O Dia da Imunização é celebrado anualmente em 9 de junho. O principal objetivo desta data é conscientizar a população sobre a importância de manter as principais vacinações contra certas doenças em dia, diminuindo a probabilidade de contrair enfermidades como a caxumba, o sarampo, o tétano, a gripe, entre outras.

O Ministério da Saúde do Brasil, como meio de lembrar a população da importância das vacinas, criou o Programa Nacional de Imunizações. A ideia é estabelecer um calendário nacional de vacinações contra as principais doenças que atingem crianças, jovens, adultos, idosos e gestantes.

Eloni Frighetto, responsável pelo setor de imunização de Prefeitura de Videira reforça que a vacinação é um direito de qualquer pessoa, sendo responsabilidade dos pais ou responsáveis garantir esse direito na infância.

“A vacina é um direito da criança e um dever dos pais/cuidadores. A vacinação é uma das principais ações para prevenção e controle de diversas doenças”.

“É de fundamental importância que pais/mães/responsáveis levem as crianças aos postos de saúde para serem vacinadas, de acordo com o

Calendário Nacional de Vacinação, mantendo os cartões de vacinas sempre atualizados, pois somente com a conclusão do esquema vacinal é que as crianças estarão protegidas”.

“As vacinas são disponibilizadas permanentemente nas unidades de saúde e durante as campanhas de vacinação, gratuitamente.
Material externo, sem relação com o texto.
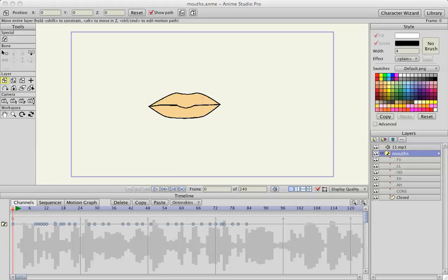Okay, this is part three of making a morph mouth. I had to redo my mouth, power went out last night, but they're basically the same mouths from the last video.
Em caso de dúvidas sobre as vacinas, indicações, contraindicações, procurar uma equipe de saúde mais próxima de seu domicílio. Muito importante as mães cuidarem da caderneta de vacinação pois será um documento para o resto da vida da criança” salienta.

Eloni destaca ainda, que em Videira não existem casos registrados de pessoas que tenham aderido ao movimento antivacina. Ela reforça o comprometimento da comunidade com a saúde das crianças e explica quais os risco de não vaciná-las.
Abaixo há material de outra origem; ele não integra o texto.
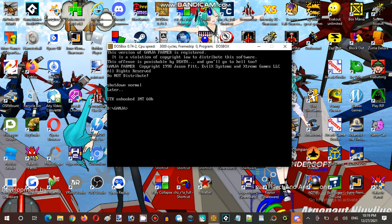Like, there's an Ancestream says the text it says. This version of the Garjo Farmer is risk-rated. It is a violation of copyright law to disturb this software. This offensive is punishable by death, and you go to hell too. Oh my god, oh my god. Look at the text there.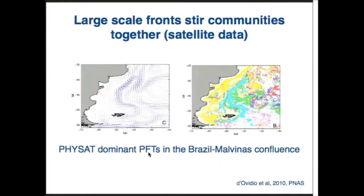I'm a bit annoyed with Peter because he already showed Francesco's work, which I wanted to use to tie from this global vision of mesoscale enhancing biodiversity to a regional study. Francesco used the PHYSAT algorithm to get the dominant phenotype from ocean color, added velocity fields, and showed how different water masses with different dominant types were being stirred together, enhancing regional biodiversity. We're not quite at in-situ data yet, but this at least is based on real-life fields.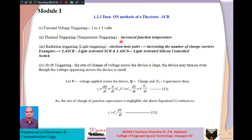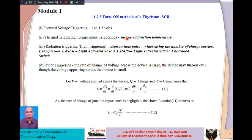Second method is thermal triggering or temperature triggering. Instead of gate current, we increase the junction temperature of J3. Increasing temperature results in avalanche effect, liberating more minority carriers, reducing the width of J3, and causing it to start conducting. This method of switching the SCR from blocking to conduction state by applying a temperature rise is known as thermal triggering.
“Acredito que em Videira as pessoas não aderiram ao movimento antivacina, pelo acompanhamento das crianças e verificação da caderneta de vacinação quando as crianças comparecem para consulta ou para campanhas de vacinação”.

“A população de Videira tem um comportamento de responsabilidade com seus familiares. Conforme normas do Ministério da Saúde a vacina é um direito da criança um dever dos pais/cuidadores e vacinação é uma das principais ações para prevenção e controle de diversas doenças o risco que os pais cometem prejudica a criança que não tem condições de se prevenir de doenças”.

“Pais que deixam de levar os filhos para a vacinação obrigatória correm o risco de ser multados ou processados por negligência e maus tratos. O Estatuto da Criança e do Adolescente (ECA), que reúne normas com objetivo de proteger o direito à vida e à saúde de crianças e adolescentes, estabelece que é obrigatória a vacinação das crianças” afirma.

História da Vacina

A primeira vacina de imunização foi criada pelo médico britânico Edward Jenner, em 1796, quando descobriu como imunizar as pessoas expostas ao vírus da varíola.

As vacinas são produzidas com propriedades dos próprios vírus causadores das doenças, mas em estado inativo. Quando entra em contato com o organismo, o corpo não interpreta que o vírus está morto e produz anticorpos para combater o agente invasor. Assim, quando a pessoa é exposta aos vírus ativos de determinada doença, o seu corpo já terá anticorpos para evitar a contaminação.

Locais de vacinação em Videira

– No PAM das 08:00 às 17:00 horas

– No ESF do bairro De Carli das 08:00 às 17:00 horas

– No ESF Amarante das 08:00 às 16:30 horas

– No PAM todas as quartas-feiras é aplicada a primeira dose das vacinas de recém nascidos, no horário das 09:00 às 16:00 horas.